Offenburger FV
- Full name: Offenburger Fussball Verein 1907 e. V.
- Founded: 20 July 1907
- Ground: Karl-Heitz-Stadion
- Capacity: 15,000
- Chairman: Jürgen Görhardt
- Manager: Marc Lerandy
- League: Oberliga Baden-Württemberg (V)
- 2015–16: Verbandsliga Südbaden (VI), 1st (promoted)
| Home colours | Away colours |

= Offenburger FV =

German football club

Offenburger FV is a German association football club based in the city of Offenburg, Baden-Württemberg.

==History==

===Early years===
The club was formed on 20 July 1907 under the name of FC 1907 Offenburg in what was then the Grand duchy of Baden. In its first couple of seasons, the club played mostly against teams from the other side of the river Rhine. The Alsace (German: Elsaß) region was then part of Imperial Germany. The FK Neudorf, now the Racing Club Strasbourg, was one of those teams.

It merged in February 1913 with the FV 1910 Offenburg to form the current Ofenburger FV 1907. In October of the same year, the club moved to its new home ground Stegermatt which it would remain at until completion of its current stadium in 1958.

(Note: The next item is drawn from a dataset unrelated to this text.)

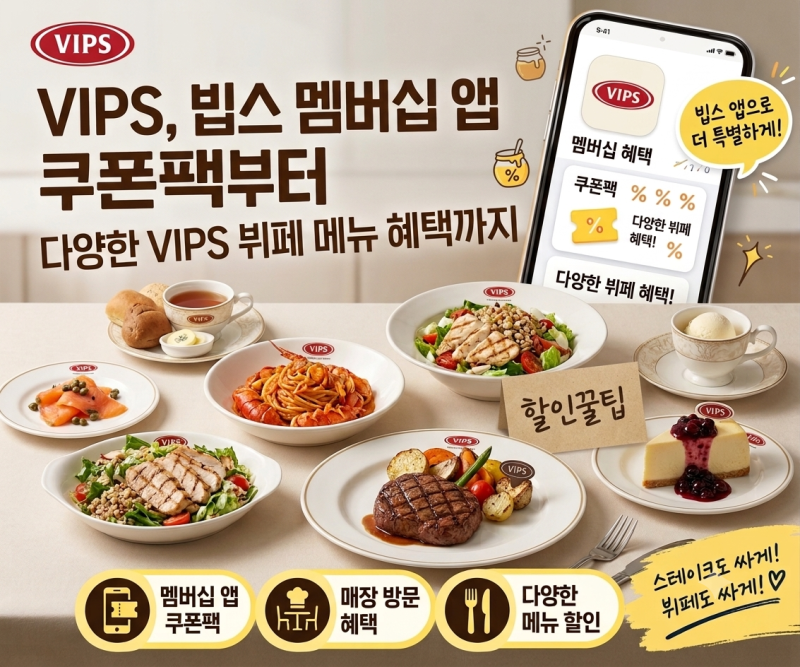 [할인 꿀팁] 빕스 VIPS 통신사 3사 할인 혜택 총정리 SKT KT LGU플러스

With the beginning of the First World War, the club had to cease playing games for the time but re-formed a team in 1915 with the help of local soldiers. In 1916, the club won its first local title, winning the Oberrheingau championship. As the war continued, young students took the place of the soldiers who were sent to the front line and eventually, football ceased to be played completely. The club suffered losses during the war with 22 of its members not returning from the battlefields.

===1919 to 1933===
Late in the year 1918, the club reformed its team and was able to reenter competitive football in early 1919. The OFV played in the A-Klasse Oberrheingau, the second tier of football in the region. The club played an epic decider for promotion on 28 March 1920, losing to SC Freiburg 1–2 after a game that lasted for 204 minutes, until Freiburg scored the winning goal.

For the 1920–21 season, the club entered the A-Klasse Schwarzwaldgau for the first time and won the championship in this league in its first season. In the following promotion round, the club finished second and moved up a level. In the strong Kreisliga Südwest, the club was unable to succeed against clubs like Freiburger FC and Phönix Karlsruhe and was immediately relegated again.

Despite this reverse, the club opened a new grandstand at its home ground in October 1922.

Due to a reorganisation of the league system, the OFV found itself in a new league, the tier-II Befähigungsliga Baden, for the 1922–23 season. Above it was now the Bezirksliga Baden as the highest tier of football in the state. The club finished second-last in its first season and narrowly avoided relegation.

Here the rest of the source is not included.